Thanks for the review, Jakob.scholbach (talk) 14:36, 31 December 2008 (UTC)[reply]

Lead section

We should mention subtraction (or negation) as operations that can be preformed by vectors. While it may be mathematically covered by scaling, it is not the intuitive use of the word. The history really could use some inline references. For example, being an analyst I like the idea that "Later enhancements of the theory are due to the widespread presence of vector spaces in mathematical analysis, mainly in the guise of function spaces." But without a reference this sounds like POV. Thenub314 (talk) 14:03, 2 January 2009 (UTC)[reply]

In the first section on examples where we mention F and Fⁿ, we should mention the connection is by taking n=1, and maybe mention dimension. We talk about dimension more formally later, but we already mentioned it when looking at R². Thenub314 (talk) 14:13, 2 January 2009 (UTC)[reply]

Thank you! Your points, except for the reference (I'll do that soon) are now covered (I chose to put the subtraction in the first section rather than the lead, just for space considerations).Jakob.scholbach (talk) 22:31, 7 January 2009 (UTC)[reply]

Vector spaces with additional structure - comments by Uncia (talk · contribs)

order: comparing the vectors componentwise - there are several ways to do this, see Ordered vector space - a little more detail would be helpful.

Hm. In view of the limited length of the article, and given the little importance of this to the topic, I would rather not include lexicographic order etc.

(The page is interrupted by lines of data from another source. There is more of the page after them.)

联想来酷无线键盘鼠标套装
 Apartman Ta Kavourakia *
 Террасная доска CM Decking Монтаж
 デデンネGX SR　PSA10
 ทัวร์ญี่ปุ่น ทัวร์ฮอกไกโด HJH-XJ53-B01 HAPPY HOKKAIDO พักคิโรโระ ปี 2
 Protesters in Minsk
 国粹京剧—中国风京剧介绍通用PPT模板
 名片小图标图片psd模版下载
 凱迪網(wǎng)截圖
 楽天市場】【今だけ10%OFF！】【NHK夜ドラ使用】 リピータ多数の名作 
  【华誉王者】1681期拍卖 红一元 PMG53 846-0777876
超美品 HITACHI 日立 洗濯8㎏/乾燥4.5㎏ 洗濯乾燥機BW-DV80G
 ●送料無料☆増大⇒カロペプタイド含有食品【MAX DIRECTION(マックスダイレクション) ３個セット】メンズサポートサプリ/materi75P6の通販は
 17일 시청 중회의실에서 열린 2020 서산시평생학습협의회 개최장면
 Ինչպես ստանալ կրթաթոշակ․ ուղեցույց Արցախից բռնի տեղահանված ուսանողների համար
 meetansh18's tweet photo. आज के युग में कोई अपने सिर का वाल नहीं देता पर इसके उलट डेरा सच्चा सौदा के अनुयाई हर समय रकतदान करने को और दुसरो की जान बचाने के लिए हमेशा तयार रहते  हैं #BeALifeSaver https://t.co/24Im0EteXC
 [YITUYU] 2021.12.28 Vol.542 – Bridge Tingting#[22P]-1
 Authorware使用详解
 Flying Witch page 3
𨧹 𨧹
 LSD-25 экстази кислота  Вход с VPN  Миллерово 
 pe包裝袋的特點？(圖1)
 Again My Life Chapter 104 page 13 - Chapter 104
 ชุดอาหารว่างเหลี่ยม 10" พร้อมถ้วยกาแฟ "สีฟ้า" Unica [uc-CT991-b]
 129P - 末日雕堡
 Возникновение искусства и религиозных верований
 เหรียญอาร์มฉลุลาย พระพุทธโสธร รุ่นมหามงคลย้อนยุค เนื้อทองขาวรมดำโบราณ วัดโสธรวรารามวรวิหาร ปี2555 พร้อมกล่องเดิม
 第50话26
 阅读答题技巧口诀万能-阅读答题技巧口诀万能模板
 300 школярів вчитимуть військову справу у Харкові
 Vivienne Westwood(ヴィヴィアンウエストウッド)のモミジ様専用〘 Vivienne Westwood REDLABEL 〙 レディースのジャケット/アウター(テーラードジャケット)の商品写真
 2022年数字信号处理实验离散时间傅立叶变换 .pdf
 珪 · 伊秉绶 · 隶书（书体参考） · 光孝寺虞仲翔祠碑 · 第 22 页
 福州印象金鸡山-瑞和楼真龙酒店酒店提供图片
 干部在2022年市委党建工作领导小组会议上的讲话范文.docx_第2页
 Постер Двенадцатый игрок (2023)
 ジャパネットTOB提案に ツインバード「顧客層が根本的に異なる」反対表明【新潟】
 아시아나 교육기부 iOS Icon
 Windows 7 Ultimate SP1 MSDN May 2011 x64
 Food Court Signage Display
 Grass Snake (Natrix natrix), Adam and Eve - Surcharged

Normed vector spaces and inner product spaces: We never explain that〈 · | · 〉means the inner product

Fixed.

Normed vector spaces and inner product spaces: The Minkowski (or Lorentz) inner product is not an inner product in the usual sense because it is not positive definite - do you want to bring up this inner product in this discussion?

Good point. I'll ponder about that.

Banach spaces - the L^p definition is not quite correct - the elements of the space are equivalence classes of functions and not individual functions. It's probably not worth making a big deal over, just mention that "functions that agree except on a set of measure zero are considered to be the same".

This is in a footnote (nb 9). Do you mean it should be moved up?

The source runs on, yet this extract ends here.